Showing your age Dovans. LOL


----------



## All Eyes (Jul 28, 2004)

Django Unchained, Inglourious Basterds, or most any of the Coen Bros films.


----------



## CFIden (Oct 9, 2014)

The outlaw Jose Wales, Jeremiah Johnson, Death wish 1, American History X, Deliverance, Platoon, The good the bad and the ugly, Unforgiven, Brave Heart, Roster Cogburn, Reservoir Dogs. You get the picture.


----------



## JamesF (May 20, 2016)

Apocalipto, Never Cry Wolf, Centennial,Slingblade, just about any Tom Hanks movie.


----------



## OrangeMilk (Oct 13, 2012)

Scott Pilgrim vs The World
Talladega Nights
Castaway - up until he makes fire, I can turn it after that.


----------



## Lazy 8 (May 21, 2010)

Man, you all are great! Those are some fantastic movies. Gimme some of that Outlaw Josey Wales or Pale Rider. New or old Magnificent 7. Somebody said 300. Yup. We're gonna new a bigger boat.


----------



## milkdud (Apr 26, 2015)

Movies: The Godfather, any John Wayne (Rio Bravo- Angie Dickinson was hot), Tombstone, Jeremiah Johnson. 

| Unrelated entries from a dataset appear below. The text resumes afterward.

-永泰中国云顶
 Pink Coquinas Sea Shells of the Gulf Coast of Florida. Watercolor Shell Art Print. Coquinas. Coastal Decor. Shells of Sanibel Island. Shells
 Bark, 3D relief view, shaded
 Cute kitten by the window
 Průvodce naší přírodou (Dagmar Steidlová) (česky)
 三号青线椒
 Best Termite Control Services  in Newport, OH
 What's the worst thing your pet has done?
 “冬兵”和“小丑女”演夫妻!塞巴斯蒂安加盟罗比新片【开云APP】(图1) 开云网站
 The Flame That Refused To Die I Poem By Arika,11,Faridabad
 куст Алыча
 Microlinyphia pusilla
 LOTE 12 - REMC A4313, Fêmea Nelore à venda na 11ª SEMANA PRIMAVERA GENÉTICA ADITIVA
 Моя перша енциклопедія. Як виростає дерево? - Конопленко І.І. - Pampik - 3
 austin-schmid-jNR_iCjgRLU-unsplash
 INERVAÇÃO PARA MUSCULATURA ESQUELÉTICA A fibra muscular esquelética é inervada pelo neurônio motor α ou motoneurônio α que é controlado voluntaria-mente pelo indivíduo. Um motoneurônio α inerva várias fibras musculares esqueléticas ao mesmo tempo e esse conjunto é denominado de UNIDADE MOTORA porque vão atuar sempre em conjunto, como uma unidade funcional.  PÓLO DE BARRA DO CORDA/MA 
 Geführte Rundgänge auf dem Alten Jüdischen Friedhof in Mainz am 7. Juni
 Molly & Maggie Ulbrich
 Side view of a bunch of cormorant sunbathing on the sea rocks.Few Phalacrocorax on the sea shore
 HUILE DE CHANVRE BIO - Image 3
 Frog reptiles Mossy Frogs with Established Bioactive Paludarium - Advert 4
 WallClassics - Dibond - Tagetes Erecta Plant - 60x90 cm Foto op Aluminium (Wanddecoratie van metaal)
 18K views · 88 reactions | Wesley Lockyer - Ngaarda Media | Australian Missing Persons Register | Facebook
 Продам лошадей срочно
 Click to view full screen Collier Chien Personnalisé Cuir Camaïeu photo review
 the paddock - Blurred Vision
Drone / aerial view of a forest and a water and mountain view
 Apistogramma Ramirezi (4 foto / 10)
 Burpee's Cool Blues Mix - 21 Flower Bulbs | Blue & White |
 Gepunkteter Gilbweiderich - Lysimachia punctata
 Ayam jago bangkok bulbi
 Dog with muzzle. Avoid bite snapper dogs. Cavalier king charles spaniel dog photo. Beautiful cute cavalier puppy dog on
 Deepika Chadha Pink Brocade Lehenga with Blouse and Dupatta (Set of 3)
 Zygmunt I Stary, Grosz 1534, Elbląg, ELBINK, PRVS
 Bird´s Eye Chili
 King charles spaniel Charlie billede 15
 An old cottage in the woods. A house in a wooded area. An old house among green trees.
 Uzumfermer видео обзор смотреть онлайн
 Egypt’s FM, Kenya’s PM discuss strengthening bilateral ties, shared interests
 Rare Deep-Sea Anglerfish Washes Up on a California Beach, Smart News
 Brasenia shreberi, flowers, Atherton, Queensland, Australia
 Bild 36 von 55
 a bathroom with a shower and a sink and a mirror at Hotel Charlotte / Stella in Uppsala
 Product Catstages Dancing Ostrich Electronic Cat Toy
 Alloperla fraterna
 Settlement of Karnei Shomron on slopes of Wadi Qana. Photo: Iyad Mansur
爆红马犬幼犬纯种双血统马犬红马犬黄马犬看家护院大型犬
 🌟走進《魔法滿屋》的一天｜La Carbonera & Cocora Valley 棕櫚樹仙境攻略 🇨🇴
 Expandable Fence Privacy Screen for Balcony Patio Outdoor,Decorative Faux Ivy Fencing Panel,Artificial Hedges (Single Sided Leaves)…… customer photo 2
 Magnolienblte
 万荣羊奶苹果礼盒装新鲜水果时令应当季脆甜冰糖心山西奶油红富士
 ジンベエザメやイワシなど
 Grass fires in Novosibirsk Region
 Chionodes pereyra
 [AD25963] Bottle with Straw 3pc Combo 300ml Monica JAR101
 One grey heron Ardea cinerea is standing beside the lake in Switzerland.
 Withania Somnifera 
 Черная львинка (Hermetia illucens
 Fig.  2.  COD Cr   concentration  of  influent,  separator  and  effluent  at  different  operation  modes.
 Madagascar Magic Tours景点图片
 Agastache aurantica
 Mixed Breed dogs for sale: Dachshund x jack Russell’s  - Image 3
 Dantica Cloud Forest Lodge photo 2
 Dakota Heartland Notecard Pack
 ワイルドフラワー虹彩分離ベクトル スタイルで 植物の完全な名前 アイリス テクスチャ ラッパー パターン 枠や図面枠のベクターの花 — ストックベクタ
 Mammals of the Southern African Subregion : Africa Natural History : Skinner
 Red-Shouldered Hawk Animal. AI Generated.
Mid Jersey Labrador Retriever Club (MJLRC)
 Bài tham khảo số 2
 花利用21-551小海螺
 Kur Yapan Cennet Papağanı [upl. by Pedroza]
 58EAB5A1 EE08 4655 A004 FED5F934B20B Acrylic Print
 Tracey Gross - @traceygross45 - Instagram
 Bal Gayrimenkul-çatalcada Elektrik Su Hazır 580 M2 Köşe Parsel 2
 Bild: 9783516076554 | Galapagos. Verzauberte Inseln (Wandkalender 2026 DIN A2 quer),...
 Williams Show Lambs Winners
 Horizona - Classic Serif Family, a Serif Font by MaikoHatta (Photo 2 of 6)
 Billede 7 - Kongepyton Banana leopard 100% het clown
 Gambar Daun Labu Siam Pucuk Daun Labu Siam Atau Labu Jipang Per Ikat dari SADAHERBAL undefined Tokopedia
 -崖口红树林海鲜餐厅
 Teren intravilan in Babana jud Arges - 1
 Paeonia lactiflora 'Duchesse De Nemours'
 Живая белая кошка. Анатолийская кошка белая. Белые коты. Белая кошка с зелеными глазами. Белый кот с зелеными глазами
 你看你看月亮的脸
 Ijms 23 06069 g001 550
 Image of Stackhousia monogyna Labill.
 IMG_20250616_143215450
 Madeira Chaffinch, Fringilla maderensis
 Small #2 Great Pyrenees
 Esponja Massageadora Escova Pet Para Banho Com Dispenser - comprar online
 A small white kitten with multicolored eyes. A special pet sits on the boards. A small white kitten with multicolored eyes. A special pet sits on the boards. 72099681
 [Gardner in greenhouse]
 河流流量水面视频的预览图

TV Shows: All in the Family, Sanford and Son


----------



## ress (Jan 1, 2008)

Aerial America on The Smithsonian Channel.


----------



## bobk (Apr 30, 2004)

ress said:


> Aerial America on The Smithsonian Channel.


That’s a good one. 
Anything Ken Burns as well.


----------



## $diesel$ (Aug 3, 2018)

John Wayne or Clint movies and believe it or not.....Spaceballs. It's the dumbest, but one of the funniest movies i've ever seen.


----------



## russelld (Jun 10, 2013)

Rocky all but 5 don’t know what he was thinking green mile Shawshank Armageddon and grandtoreno


----------



## icebucketjohn (Dec 22, 2005)

Westerns & old War Movies., especially with John Wayne or Clint Eastwood


----------



## Lazy 8 (May 21, 2010)

russelld said:


> Rocky all but 5 don’t know what he was thinking green mile Shawshank Armageddon and grandtoreno


I agree with you on 5. Sometimes they take these to far.
I think I read somewhere that in Rocky 6, he's going to fight Alzheimers.


----------



## Lazy 8 (May 21, 2010)

icebucketjohn said:


> Westerns & old War Movies., especially with John Wayne or Clint Eastwood


I remember Dad taking us kids to see McClintock in theater back in the 60's. 
Also love both versions of True Grit. God Bless Glen Campbell. 
The Sons of Katie McElder.


----------



## russelld (Jun 10, 2013)

I did hear he is thinking about a rocky but done with the creeds the last Rambo was good


----------



## bruce (Feb 10, 2007)

A River Runs Throe It. Westerns.


----------



## Shortdrift (Apr 5, 2004)

The original Moby Dick with Gregory Peck and the Christmas Story.


----------



## CoonDawg92 (Jun 1, 2016)

Lazy 8 said:


> Also love both versions of True Grit.


2nd that. Love the shooting cornbread scene.


----------



## polebender (Oct 29, 2011)

Alfred Hitchcock, The Twilight Zone, Gunsmoke, Bonanza, Have Gun Will Travel,...I could go on and on...Bat Masterson, Big Valley, The Rifleman...and on...Lol!


----------



## Dovans (Nov 15, 2011)

Actually I am waiting for a YouTube Video of Polebender and Deerfarmer doing a ritual Crappie dance before a tourny


----------



## Lazy 8 (May 21, 2010)

Dovans said:


> Actually I am waiting for a YouTube Video of Polebender and Deerfarmer doing a ritual Crappie dance before a tourny


Yup- Yup. Video or it never happened.


----------



## buckeyebowman (Feb 24, 2012)

c. j. stone said:


> ANYTHING w/o that darn Chevy commercial where the hawk-beak nosed, flat chested girl takes the guy's truck! Then says "I LOVE IT" over and over! Man, do I hate that one?!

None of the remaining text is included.